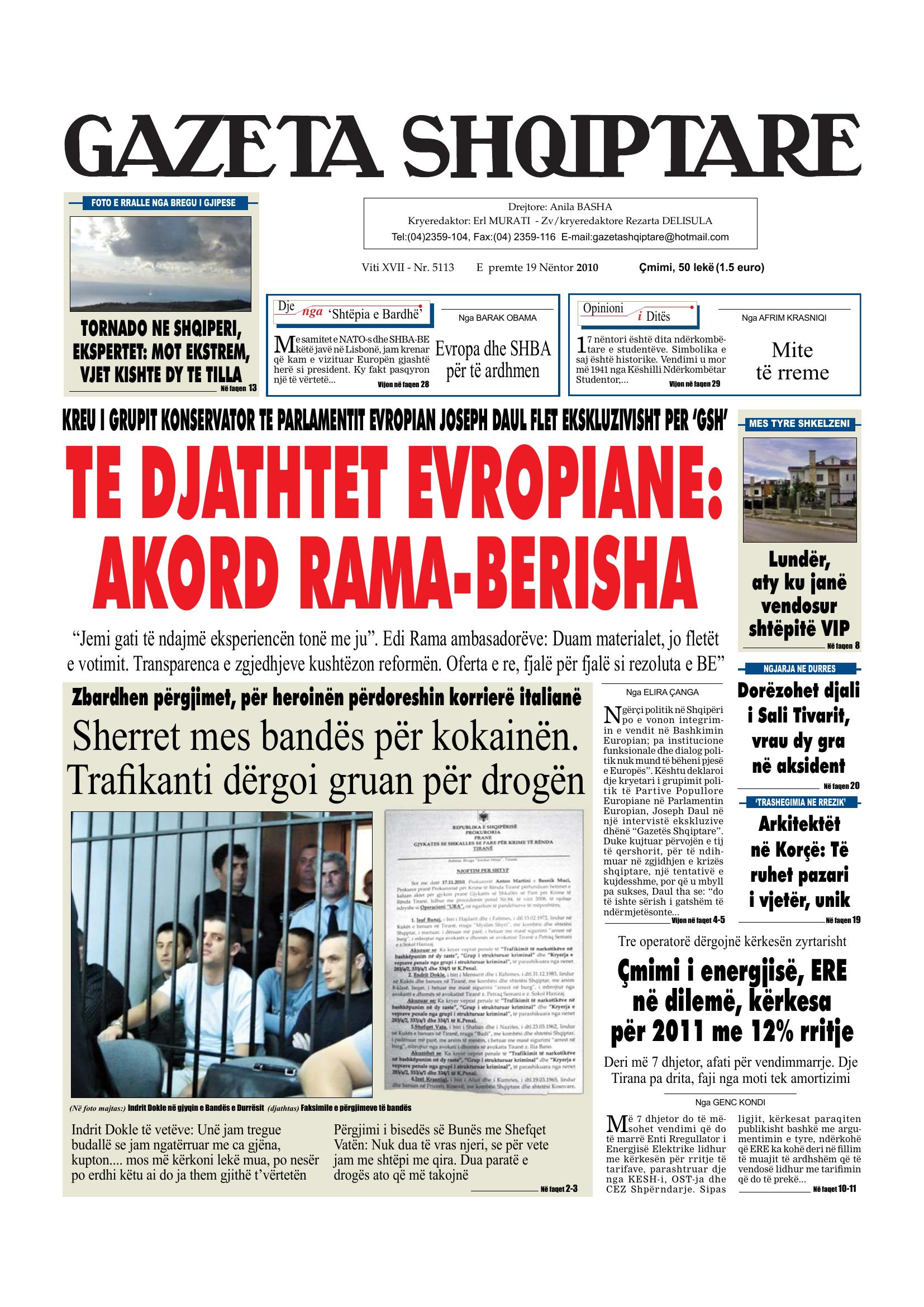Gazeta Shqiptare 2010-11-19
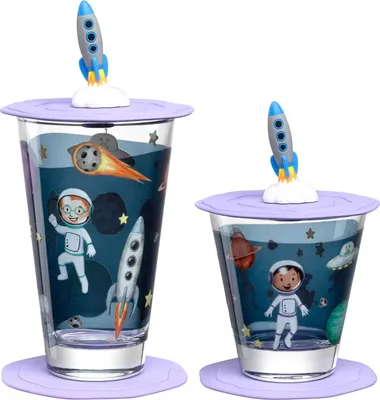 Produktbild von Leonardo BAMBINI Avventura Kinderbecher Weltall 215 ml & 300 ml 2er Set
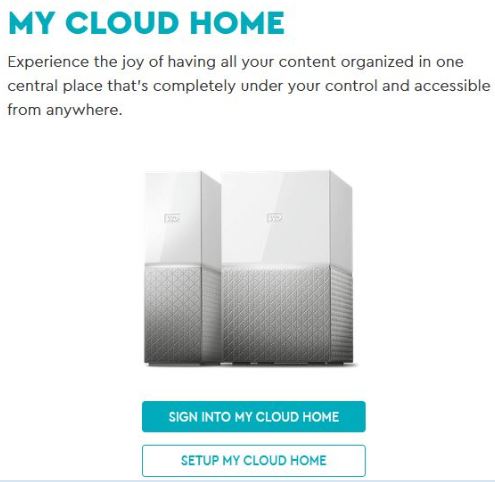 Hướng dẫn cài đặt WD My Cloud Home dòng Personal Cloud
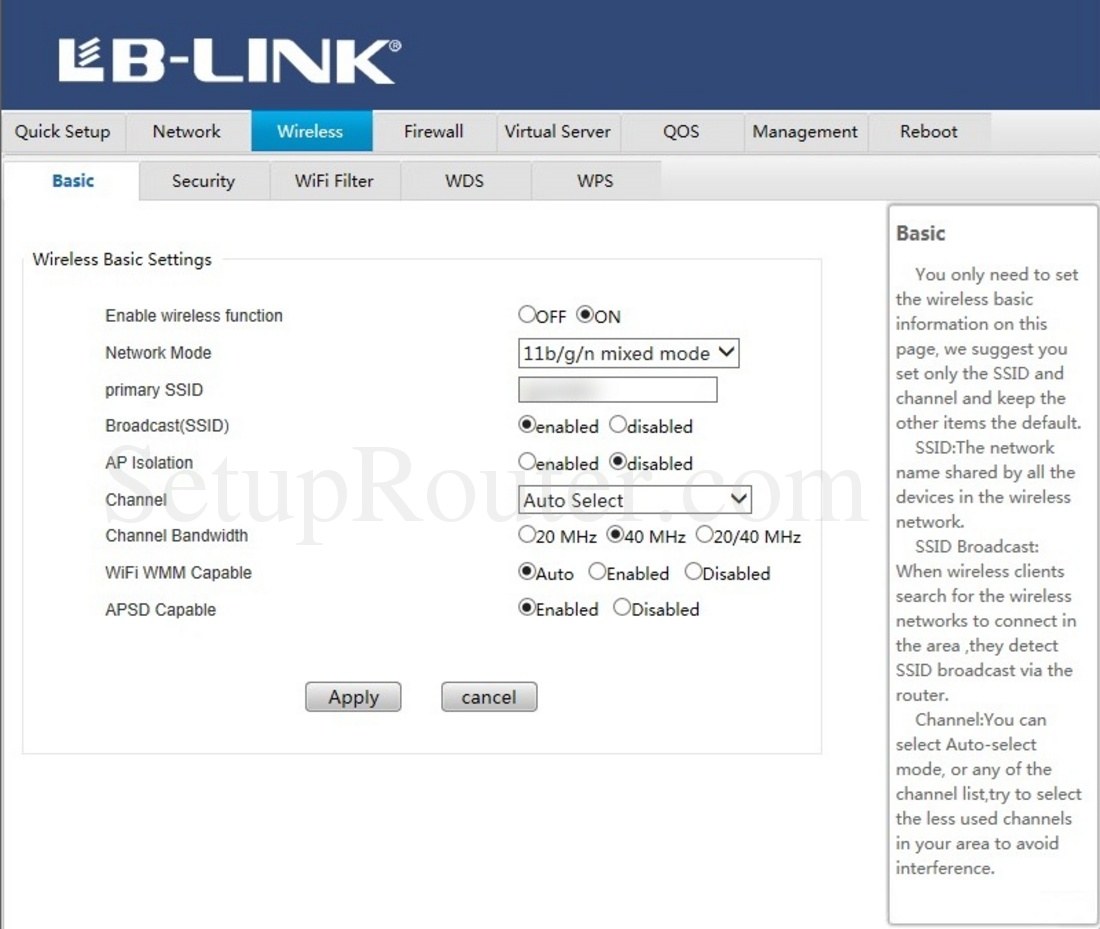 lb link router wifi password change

...

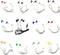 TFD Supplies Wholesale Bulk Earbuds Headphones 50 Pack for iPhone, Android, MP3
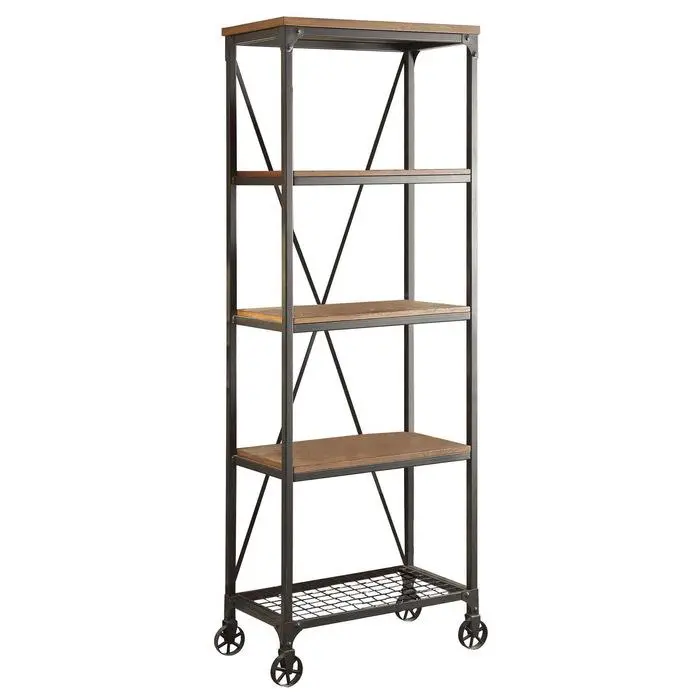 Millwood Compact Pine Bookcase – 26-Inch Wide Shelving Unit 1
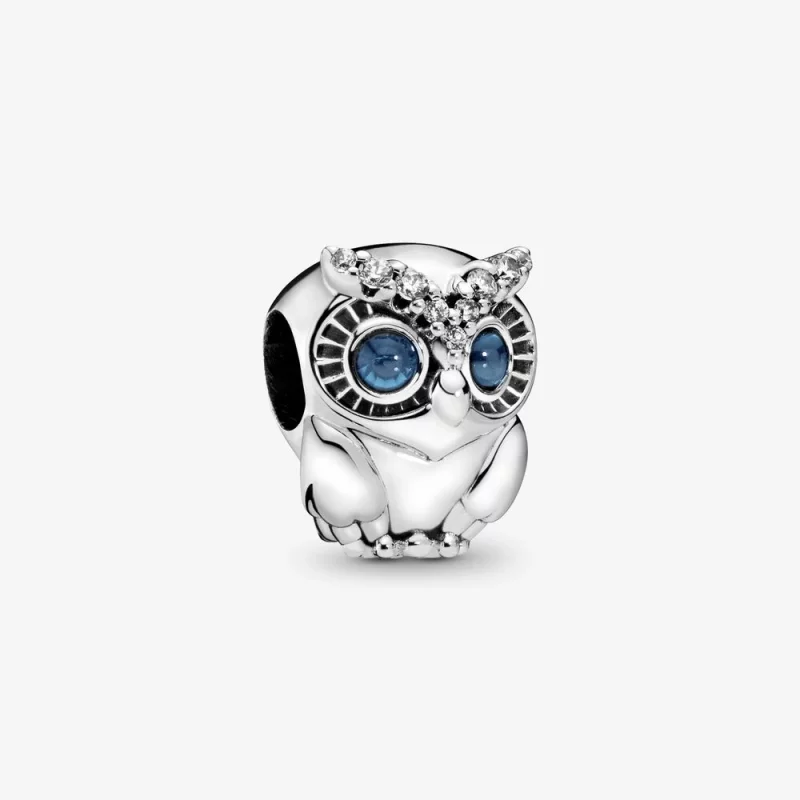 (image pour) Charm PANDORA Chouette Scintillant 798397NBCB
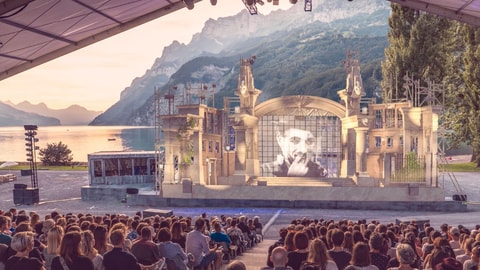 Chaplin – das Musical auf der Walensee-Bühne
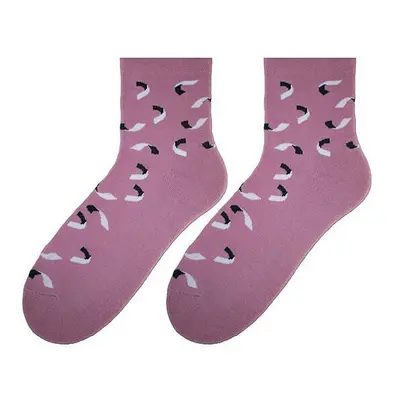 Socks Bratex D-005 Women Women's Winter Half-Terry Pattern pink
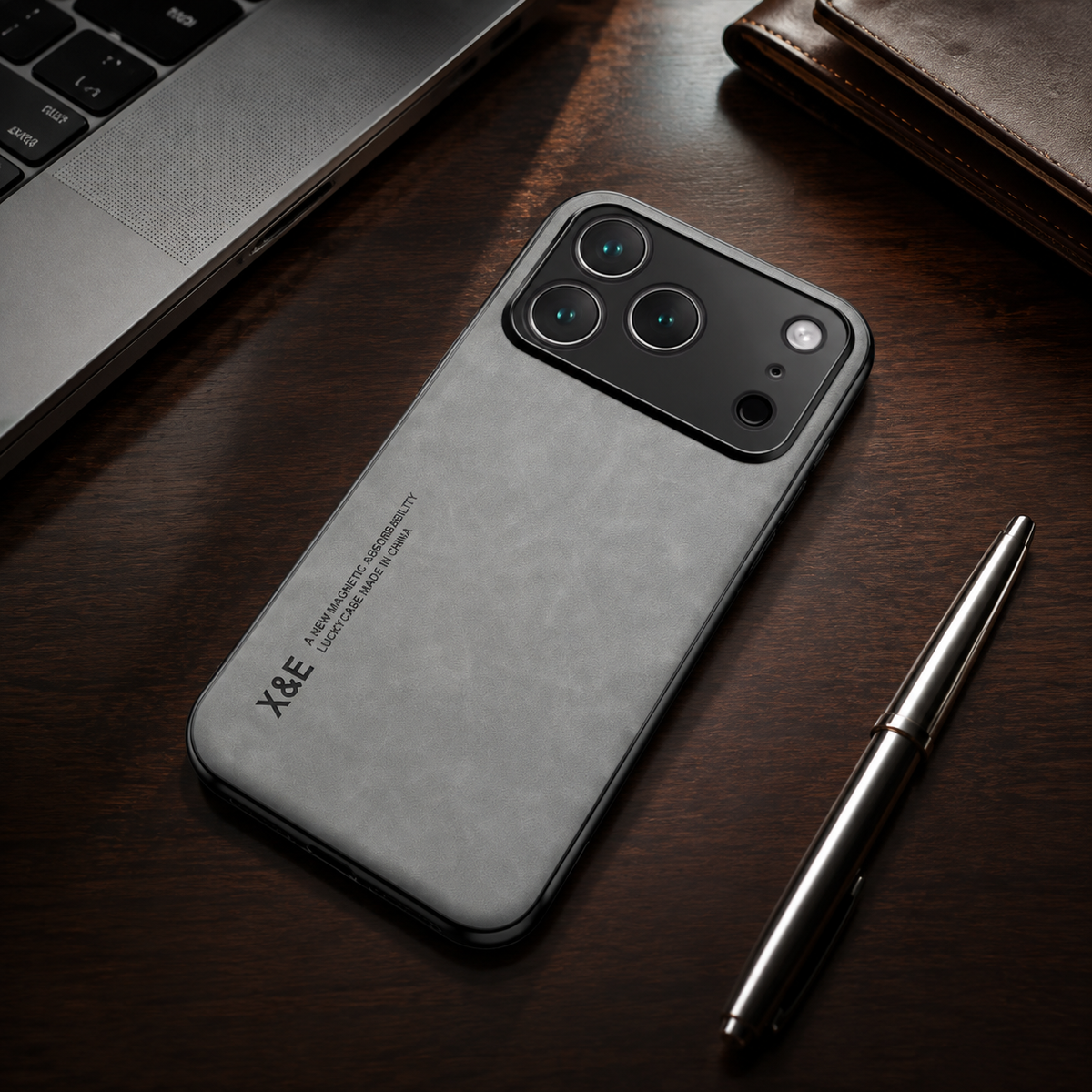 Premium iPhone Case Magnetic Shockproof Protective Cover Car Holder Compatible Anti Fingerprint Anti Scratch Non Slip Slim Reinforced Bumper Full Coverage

● **Exercise objective**:
What you return must match, character for character, the lines above from the one with "Hướng dẫn cài" through the one with "lb link router wifi password change", minus any pictures.

● **Response to the exercise**:
 Hướng dẫn cài đặt WD My Cloud Home dòng Personal Cloud
 lb link router wifi password change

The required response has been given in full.